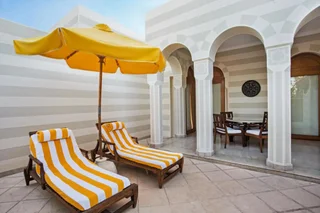 Хургада: The Oberoi Beach Resort, Sahl Hasheesh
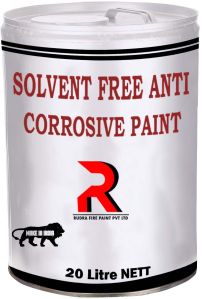 Solvent Free Epoxy Coatings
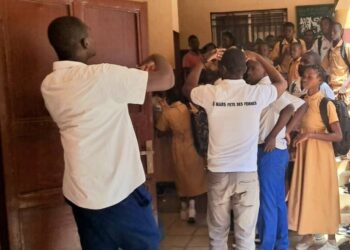 Sainte-Marie de Nongo : un élève ouvre le feu sur ses camarades, deux blessés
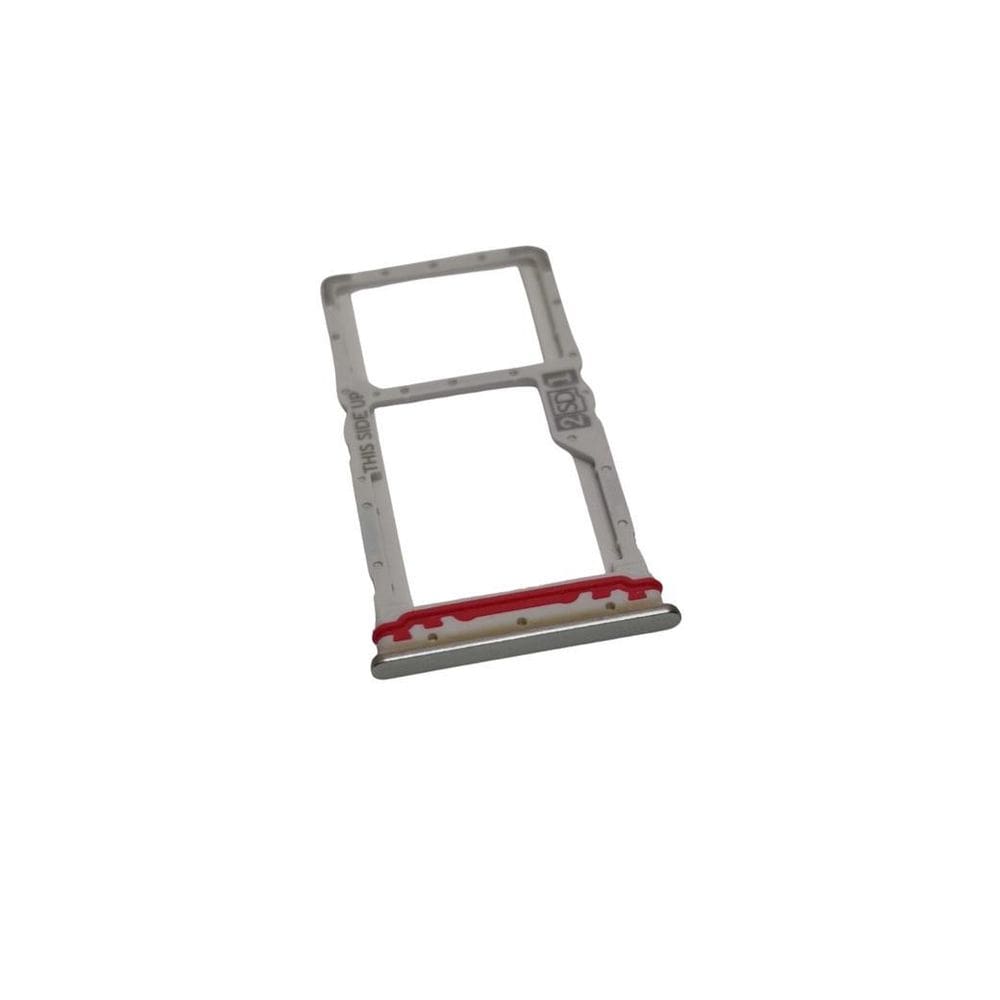 Gaveta Slot Chip Moto G73 Branca Autorizada Motorola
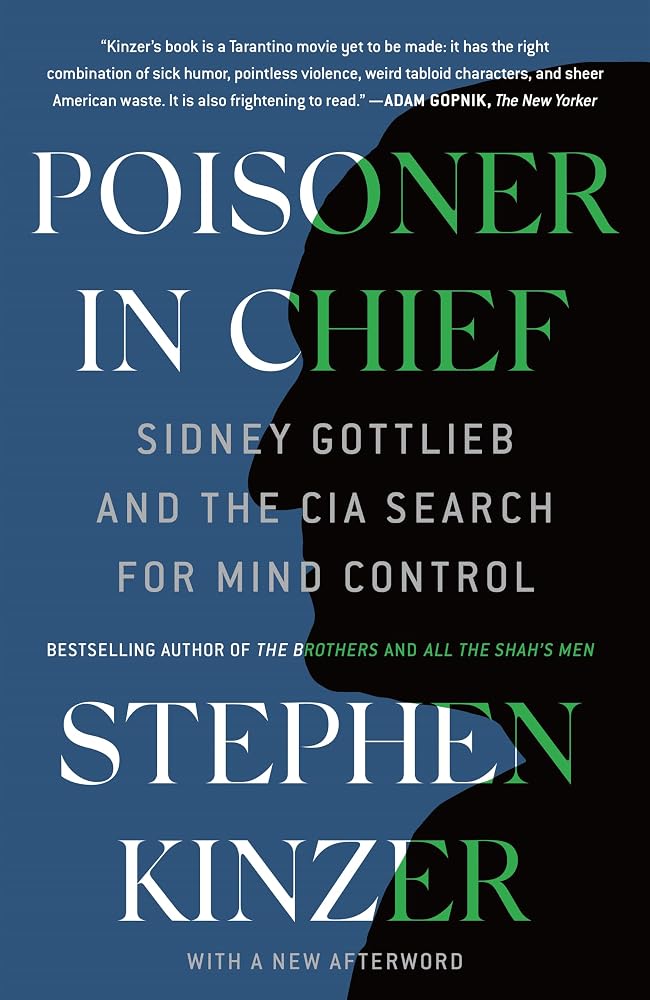 Poisoner in Chief cover image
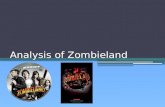 Analysis of zombieland- Cheyenne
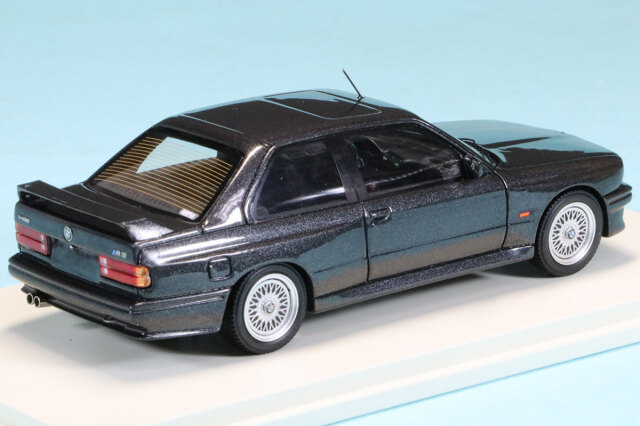 スパーク 1/43 BMW M3 E30 ツールドコルスエディション ブラック S8004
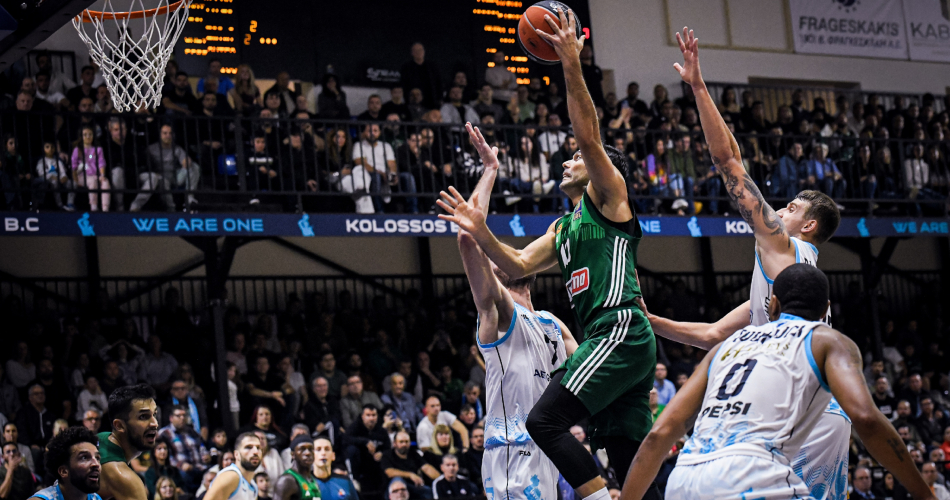 Sloukas-Kolossos-Panathinaikos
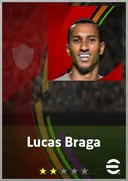 Lucas Braga RWF card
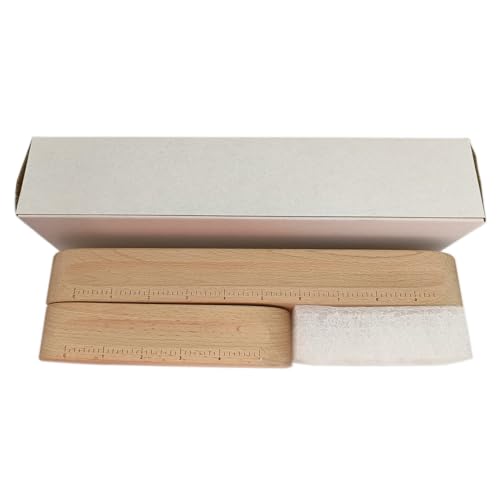 Holz Schneiderklöppel Handhelds Hartholz Quilter Professioneller Klöppel zum Nähen Schneidern Bügeln Quilten Werkzeug von Mllepjdh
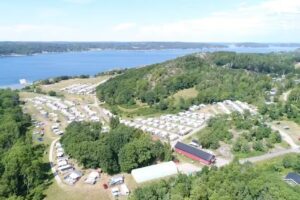Fossen Camping and Motorhome Parking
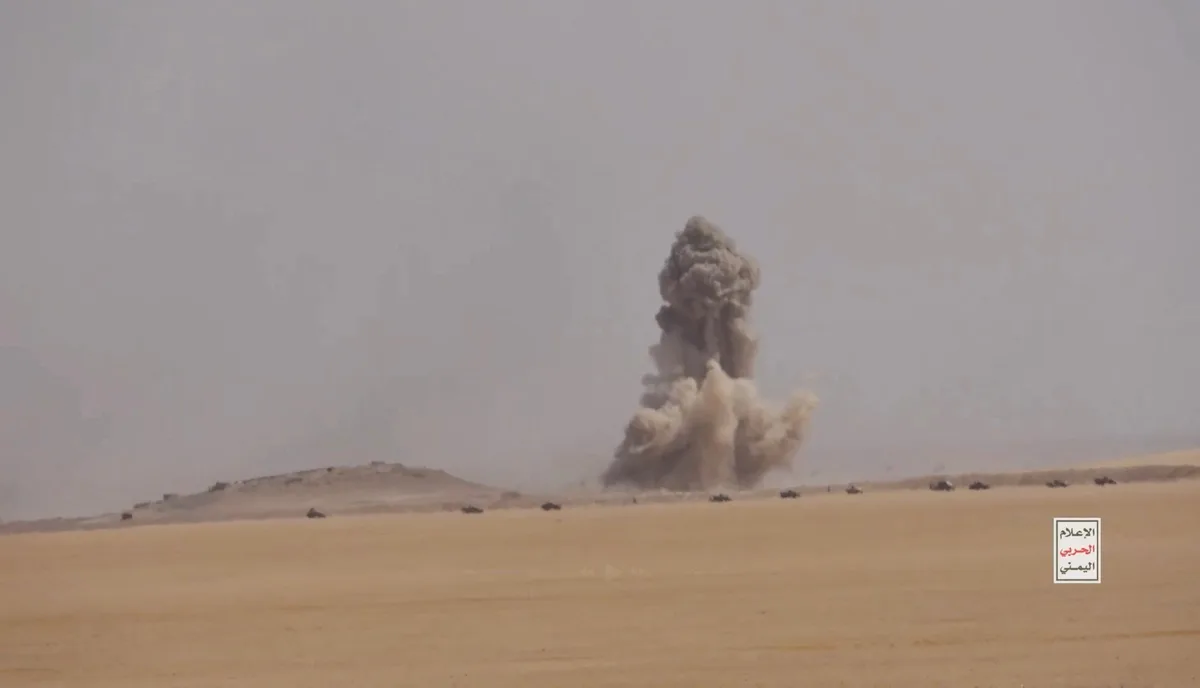 Contraofensiva en Yemen: el Ejército bombardeó posiciones hutíes para detener su avance sobre zonas estratégicas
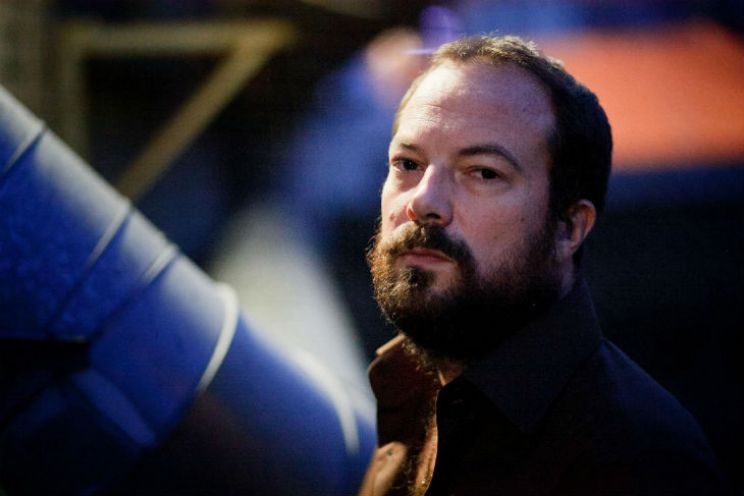 Simon Rumley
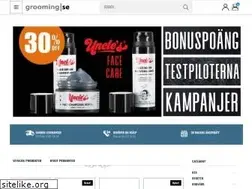 Sites similar to grooming.se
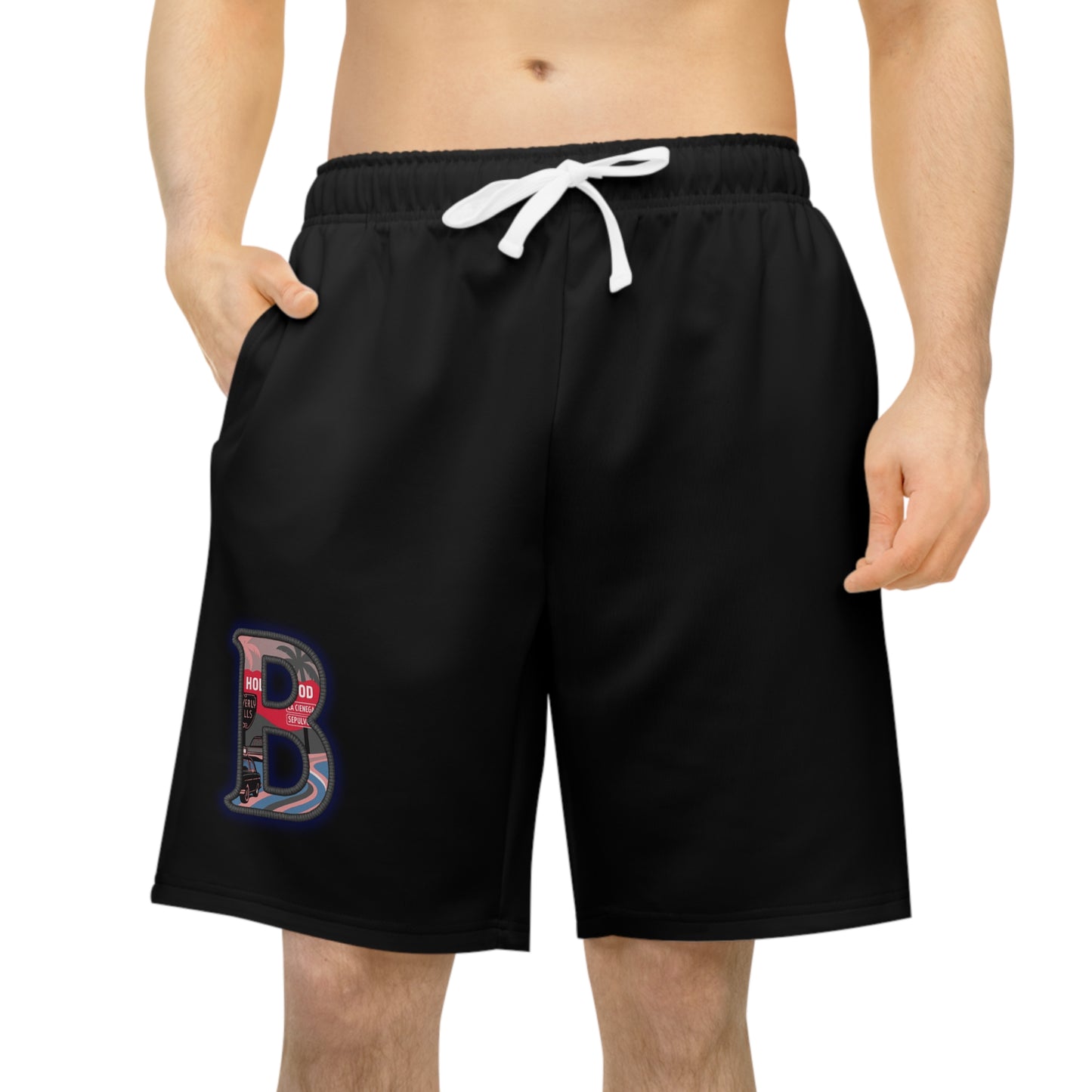 Barstons Roth Hollywood B jogger shorts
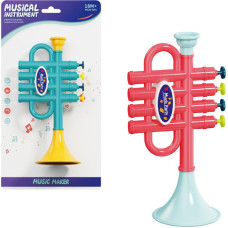 TRĄBKA 20CM 2 KOLORY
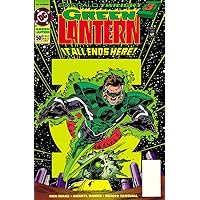 Green Lantern (1990-2004) #50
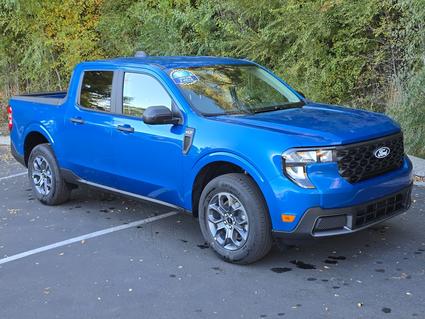 2025 Ford Maverick Tremonton UT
-- -- --
- **Try it**: What is needed is an exact copy of only the lines above from the one with "Poisoner in Chief cover image" to the one with "Lucas Braga RWF card", both kept, with every picture left out.

- **Result below**:
 Poisoner in Chief cover image
 Analysis of zombieland- Cheyenne
 スパーク 1/43 BMW M3 E30 ツールドコルスエディション ブラック S8004
 Sloukas-Kolossos-Panathinaikos
 Lucas Braga RWF card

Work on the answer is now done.